Russian President Vladimir Putin has sought to punish countries that have imposed sanctions against his country. On April 4, he suspended aspects of a 2006 visa facilitation agreement between Russia and “unfriendly” members of the European Union that have imposed sanctions against Russia after its invasion of Ukraine.
The following day, Putin issued a travel advisory urging Russians not to travel to “dangerous” European countries. He suggested they instead go to India, Turkey, Sri Lanka and other countries that have refused to criticise Russia’s invasion of Ukraine or to impose sanctions.
Yet, in Greece, many hoteliers and the government remain upbeat about tourism’s prospects.
“At our hotel, Russians have been replaced by customers mainly from the UK market,” says Manolis Elpidis, general manager at the Atlantica Caldera Palace in Crete. “The season has started very well. If it continues at the same pace, and other obstacles don’t crop up, business will easily reach 80 percent of 2019 levels,” he says.
In Greece, Russians accounted for only 0.8 percent of arrivals and 1.1 percent of receipts last year, Bank of Greece data show.
“Greece is a destination that’s in very high demand. In many countries it is the preferred destination,” Sofia Zaharaki, deputy tourism minister, told Al Jazeera. “We are seeing that there is a diversification of nationalities which means we have more incoming tourism from other countries.”
Greece is not only seeing arrivals that approach those of pre-pandemic levels; it is seeing a rise in revenue.
“There’s a 27 percent increase in average spending per trip in 2021 compared with 2019. Some people may not have travelled [in 2020] due to the pandemic, and may have had more money in savings, so we’ll have to see if that’s a continuing trend,” says Zaharaki.
Greece will spend 71 million euros ($76.2m) subsidising domestic tourism for lower-income households this year, 31 million more than it spent last year. Zaharaki believes this will help offset the loss of 115 million euros ($123.4m) Russians spent there in 2021.
Turkey set to struggle
Meanwhile, Turkey is set to be hit hard – despite its attempts to stay neutral in the war and its opposition to sanctions on Russia.
Turkey, the world’s top destination for Russian tourists, received four million Russian visitors last year and hoped for six million this year but now forecasts a possible two million, and a loss of $3-4bn in tourism revenues. The reason is that sanctions have blunted Russians’ spending power.

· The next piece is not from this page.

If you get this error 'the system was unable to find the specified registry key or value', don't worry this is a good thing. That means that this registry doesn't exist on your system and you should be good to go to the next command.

This caused some vexation in Kyiv.
“On the one hand, Turkey acts as a mediator and supports Ukraine with important steps, and on the other hand, we see, for example, preparing several tourist routes at the same time, especially for Russian tourism,” Ukrainian President Volodymyr Zelenskyy told Greece’s state broadcaster, ERT. “You cannot deal with it that way, it’s a double standard.”
Cyprus, where Russian tourism has been growing in recent years, is also set to be affected. Russians made up a quarter of Cyprus’s two million visitors last year and brought in an estimated 290 million euros ($311.2m) – a fifth of the country’s tourism revenue.
Fiona Mullen, who runs Sapienta Economics, a consultancy, has estimated the effect of the absence of Russian tourists and high energy prices will lead to a net loss of 0.9 percent in the tourism market this year.
That might be relatively negligible if it was not for the fact that many Russians combine holiday-making in Cyprus with business activities such as investing and banking.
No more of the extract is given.